┌──

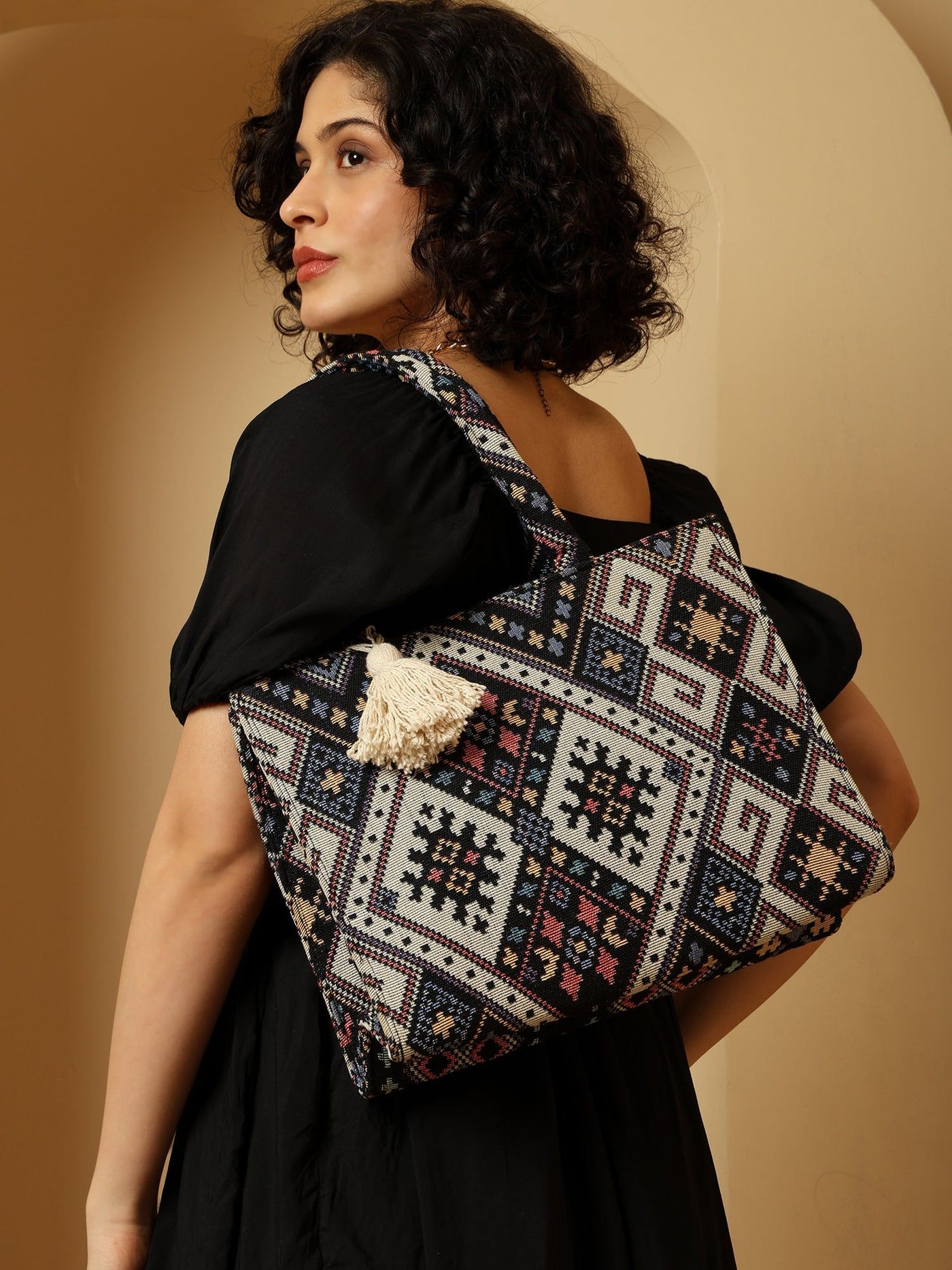 Bohemian Woven Geometric Pattern Tote Bag with Tassel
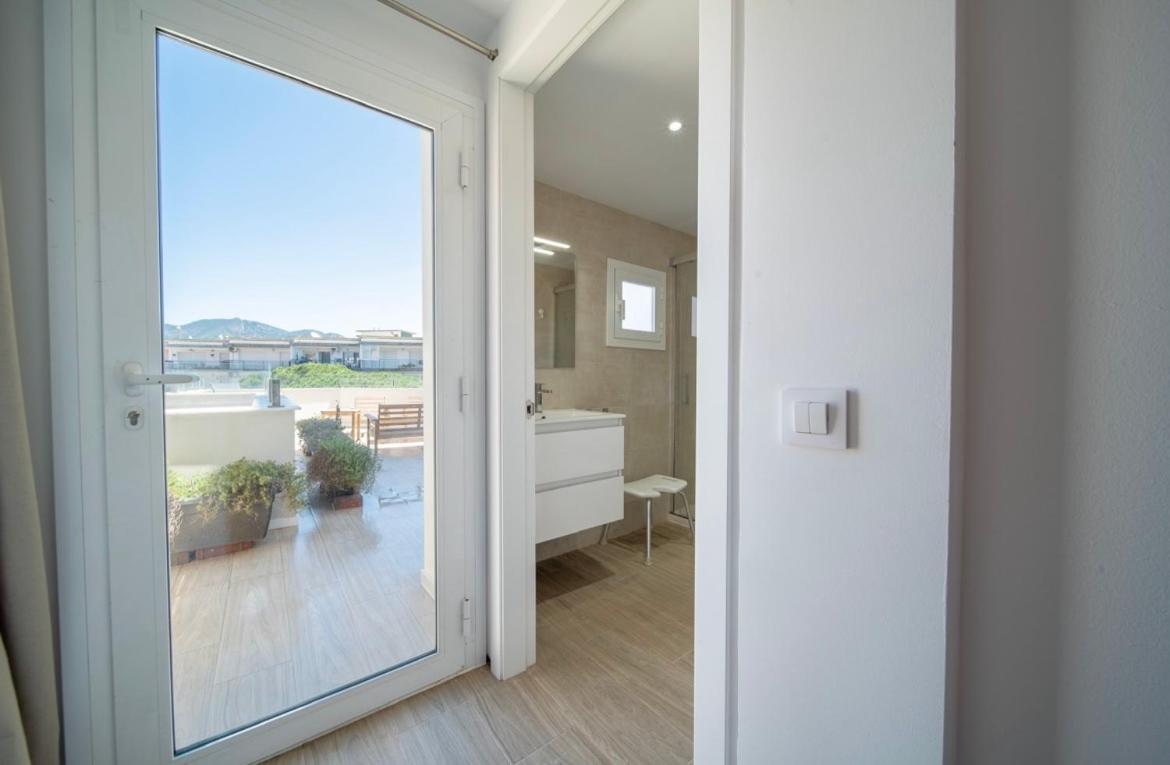 M A R I V E N T Suite With Bathroom And Terrace 50 M2 Roses Exterior photo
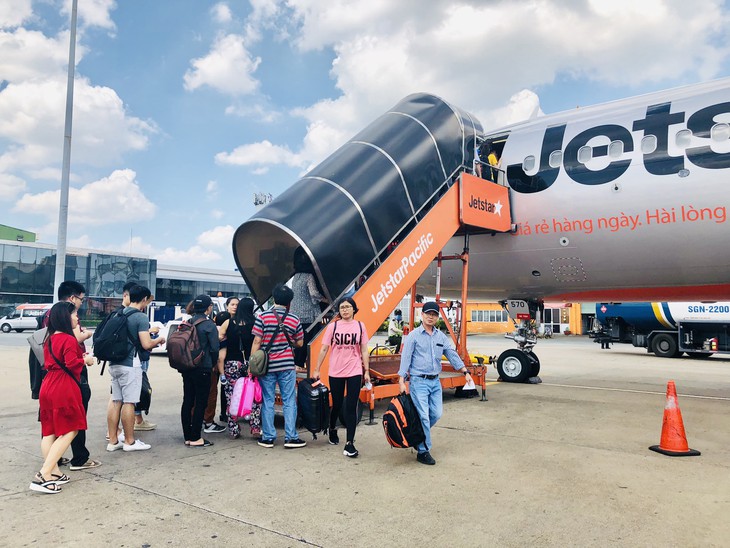 Máy bay Jetstar đi Thanh Hóa nhưng hạ cánh ở Hà Nội - Ảnh 1.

└──

AIM OF THE TASK:
Retype the listing above exactly, pictures excluded.

EXERCISE OUTPUT:
 Bohemian Woven Geometric Pattern Tote Bag with Tassel
 M A R I V E N T Suite With Bathroom And Terrace 50 M2 Roses Exterior photo
 Máy bay Jetstar đi Thanh Hóa nhưng hạ cánh ở Hà Nội - Ảnh 1.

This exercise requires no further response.